Of the 1,289 PSA graded cards of #8 Wilt without qualifiers, only 31 are at a pure PSA 9 and only 3 are at the perfect PSA 10 grade. PSA’s count of pure grades for the #47 In Action show 780 examples without the qualifiers. Of those, only 30 are PSA 9 and just 2 are PSA 10. The PSA 8 category has more cards to choose from. Card #8 has 180 PSA 8 examples without the 14 “+” and 121 “Q” qualifiers. The In Action card (#47) has 142 cards without the “+” and “Q” qualifiers.
SGC’s total population report of graded #8 cards is 348 with the largest concentration at SGC 5 (46 cards in total). The “In Action” card #47 has 188 total grades from SGC, and the highest concentration there is 30 graded examples at SGC 5.
The Fleer rookie Chamberlain card commands high prices despite a fairly high population. Even PSA 4 graded cards sold for $11,000 in March of 2021, but the most recent sales from May to July were under $6,000. Where the cards start to become even more off-the-chart is at the PSA 8 level, with two June 2021 sales at $53,103 (6/20/2021) and $45,076.80 (6/11/2021). Here were the three peak-price sales from earlier in 2021 for the PSA 8 auctions:
- 4/6/2021 for $57,600.00 via Goldin Auctions
- 3/31/2021 for $144,544.00 via eBay/PWCC
- 3/20/2021 for $76,977.60 via Memory Lane, Inc.
And for the rare PSA 9 grades, there was a sale of $150,000 in December 2020, preceded by a $85,100 price in September 2020 and a mere $33,600.00 in May 2020. The shares sire Collectable offered out a PSA 9 to shareholders for $200,000 and it exited the card for a $350,000 price.
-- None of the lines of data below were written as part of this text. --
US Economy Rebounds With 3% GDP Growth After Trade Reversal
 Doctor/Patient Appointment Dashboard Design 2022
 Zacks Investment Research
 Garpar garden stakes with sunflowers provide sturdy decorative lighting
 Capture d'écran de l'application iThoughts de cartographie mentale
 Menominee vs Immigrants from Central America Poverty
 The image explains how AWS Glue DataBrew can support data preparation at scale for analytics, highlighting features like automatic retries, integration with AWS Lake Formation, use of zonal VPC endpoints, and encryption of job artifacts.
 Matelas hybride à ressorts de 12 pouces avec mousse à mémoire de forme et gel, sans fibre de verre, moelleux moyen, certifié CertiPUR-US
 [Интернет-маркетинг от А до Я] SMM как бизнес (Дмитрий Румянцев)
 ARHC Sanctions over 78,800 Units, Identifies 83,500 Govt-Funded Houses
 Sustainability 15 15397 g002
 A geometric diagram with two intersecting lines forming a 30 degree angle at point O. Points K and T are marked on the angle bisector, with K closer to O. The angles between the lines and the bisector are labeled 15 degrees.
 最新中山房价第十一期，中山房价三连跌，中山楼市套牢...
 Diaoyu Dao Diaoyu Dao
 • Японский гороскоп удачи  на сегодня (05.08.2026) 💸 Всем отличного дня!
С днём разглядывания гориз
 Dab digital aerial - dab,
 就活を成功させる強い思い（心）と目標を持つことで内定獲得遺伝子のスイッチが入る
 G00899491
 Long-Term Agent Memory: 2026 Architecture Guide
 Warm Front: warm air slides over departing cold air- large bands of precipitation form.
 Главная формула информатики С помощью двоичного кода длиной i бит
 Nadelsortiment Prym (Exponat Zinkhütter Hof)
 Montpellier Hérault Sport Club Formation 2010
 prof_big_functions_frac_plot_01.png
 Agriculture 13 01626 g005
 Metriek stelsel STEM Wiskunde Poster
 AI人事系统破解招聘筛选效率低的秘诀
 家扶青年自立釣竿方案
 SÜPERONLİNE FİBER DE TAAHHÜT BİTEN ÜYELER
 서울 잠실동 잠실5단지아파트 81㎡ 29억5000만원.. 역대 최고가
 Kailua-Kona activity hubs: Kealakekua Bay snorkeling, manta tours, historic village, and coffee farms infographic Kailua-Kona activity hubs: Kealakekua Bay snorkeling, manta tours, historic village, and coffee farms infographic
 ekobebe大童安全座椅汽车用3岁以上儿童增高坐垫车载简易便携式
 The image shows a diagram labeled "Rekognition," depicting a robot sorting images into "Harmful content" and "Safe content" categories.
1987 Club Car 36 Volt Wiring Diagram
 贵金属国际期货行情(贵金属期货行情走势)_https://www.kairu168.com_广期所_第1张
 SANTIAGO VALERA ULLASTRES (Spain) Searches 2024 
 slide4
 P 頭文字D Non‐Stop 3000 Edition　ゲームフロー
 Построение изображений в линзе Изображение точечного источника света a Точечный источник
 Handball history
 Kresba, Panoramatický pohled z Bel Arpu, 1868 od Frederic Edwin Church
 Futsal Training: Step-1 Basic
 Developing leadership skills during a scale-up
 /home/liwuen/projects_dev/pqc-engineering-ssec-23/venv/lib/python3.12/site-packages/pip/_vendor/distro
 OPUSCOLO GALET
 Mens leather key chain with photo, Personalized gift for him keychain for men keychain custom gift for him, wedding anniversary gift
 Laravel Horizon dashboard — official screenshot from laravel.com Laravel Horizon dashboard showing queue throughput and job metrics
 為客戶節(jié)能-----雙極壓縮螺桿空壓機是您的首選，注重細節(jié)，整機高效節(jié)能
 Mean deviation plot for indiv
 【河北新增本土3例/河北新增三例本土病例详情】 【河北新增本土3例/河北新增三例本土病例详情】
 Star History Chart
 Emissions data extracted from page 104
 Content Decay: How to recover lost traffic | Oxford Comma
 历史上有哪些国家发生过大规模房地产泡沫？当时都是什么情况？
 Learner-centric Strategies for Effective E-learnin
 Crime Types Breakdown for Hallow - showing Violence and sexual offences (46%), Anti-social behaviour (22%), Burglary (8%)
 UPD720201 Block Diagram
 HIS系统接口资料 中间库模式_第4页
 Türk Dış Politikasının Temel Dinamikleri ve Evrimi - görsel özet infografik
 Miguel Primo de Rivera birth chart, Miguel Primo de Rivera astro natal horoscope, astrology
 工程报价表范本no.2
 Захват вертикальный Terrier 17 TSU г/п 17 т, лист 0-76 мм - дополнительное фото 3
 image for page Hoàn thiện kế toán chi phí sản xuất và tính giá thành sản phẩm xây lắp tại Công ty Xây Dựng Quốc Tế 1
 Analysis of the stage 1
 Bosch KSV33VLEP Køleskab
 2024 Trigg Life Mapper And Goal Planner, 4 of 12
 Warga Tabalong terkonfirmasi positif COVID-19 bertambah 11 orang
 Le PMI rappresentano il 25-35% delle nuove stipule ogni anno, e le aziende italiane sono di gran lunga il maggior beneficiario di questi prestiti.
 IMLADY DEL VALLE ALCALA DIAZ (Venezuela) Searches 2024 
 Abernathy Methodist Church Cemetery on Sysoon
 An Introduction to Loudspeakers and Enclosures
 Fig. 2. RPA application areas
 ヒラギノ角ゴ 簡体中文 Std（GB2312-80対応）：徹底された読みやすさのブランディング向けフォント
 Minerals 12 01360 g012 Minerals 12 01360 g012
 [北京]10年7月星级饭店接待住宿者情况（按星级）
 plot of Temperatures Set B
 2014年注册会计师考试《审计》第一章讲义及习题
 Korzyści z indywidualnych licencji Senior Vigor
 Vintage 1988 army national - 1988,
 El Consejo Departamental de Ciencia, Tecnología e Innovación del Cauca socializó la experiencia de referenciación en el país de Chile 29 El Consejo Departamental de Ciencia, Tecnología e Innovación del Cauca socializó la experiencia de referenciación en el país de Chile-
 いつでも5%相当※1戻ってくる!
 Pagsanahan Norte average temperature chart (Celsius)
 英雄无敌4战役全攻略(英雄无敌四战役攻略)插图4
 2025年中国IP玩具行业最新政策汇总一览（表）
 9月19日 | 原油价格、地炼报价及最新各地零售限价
There have been only two PSA 9 sales seen so far in 2021 without qualifiers:
- 4/26/2021 for $377,323.00 via eBay
- 4/26/2021 for $461,250.00 via Goldin Auctions
Wilt Chamberlain is credited for the only 100-points scored by a single player in any regulation NBA game. And to prove just how dominant Wilt “The Stilt” was on the court, and why he is considered the most dominant player of the era, the Basketball Reference website shows Wilt as #1 in the category of highest points in a game. It also Lists Chamberlain with the highest points per game in 15 of the top 25 spots including ties with himself or other players.
If this price seems high for the prized PSA 9 rookie cards, Collectable recently sold off a Chamberlain game worn uniform from his 1959-60 Philadelphia Warriors rookie home team. SCP Auctions said that it had ranked as the finest basketball uniform in the world and also as one of the finest uniforms from any sport. That uniform had sold privately for $700,000 in the summer of 2019. Collectable sold that uniform off at $1.275 million to 1,036 shareholders.
And for ultimate vintage basketball card collectors and investors, there is the difficult 1957 Topps Bill Russell rookie and the difficult 1948 Bowman George Mikan rookie that can both cost more than a house.